§ **Task directions**:
From the first line through the last, transcribe the listing word for word.

§ **Task input**:
_ _ _

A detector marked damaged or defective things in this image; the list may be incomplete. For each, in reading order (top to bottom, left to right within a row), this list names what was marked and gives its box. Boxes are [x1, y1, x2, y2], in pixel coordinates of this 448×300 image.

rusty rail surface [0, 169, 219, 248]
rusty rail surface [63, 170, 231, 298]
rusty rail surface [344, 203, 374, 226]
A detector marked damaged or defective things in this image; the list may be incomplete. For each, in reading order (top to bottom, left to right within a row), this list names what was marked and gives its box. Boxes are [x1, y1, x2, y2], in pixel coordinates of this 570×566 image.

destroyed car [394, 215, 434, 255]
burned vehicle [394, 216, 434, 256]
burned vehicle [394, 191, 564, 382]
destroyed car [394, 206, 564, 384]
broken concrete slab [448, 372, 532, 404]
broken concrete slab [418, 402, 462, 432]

_ _ _

§ **Task answer**:
A detector marked damaged or defective things in this image; the list may be incomplete. For each, in reading order (top to bottom, left to right within a row), this list names what was marked and gives its box. Boxes are [x1, y1, x2, y2], in pixel coordinates of this 448×300 image.

rusty rail surface [0, 169, 219, 248]
rusty rail surface [63, 170, 231, 298]
rusty rail surface [344, 203, 374, 226]
A detector marked damaged or defective things in this image; the list may be incomplete. For each, in reading order (top to bottom, left to right within a row), this list names what was marked and gives its box. Boxes are [x1, y1, x2, y2], in pixel coordinates of this 570×566 image.

destroyed car [394, 215, 434, 255]
burned vehicle [394, 216, 434, 256]
burned vehicle [394, 191, 564, 382]
destroyed car [394, 206, 564, 384]
broken concrete slab [448, 372, 532, 404]
broken concrete slab [418, 402, 462, 432]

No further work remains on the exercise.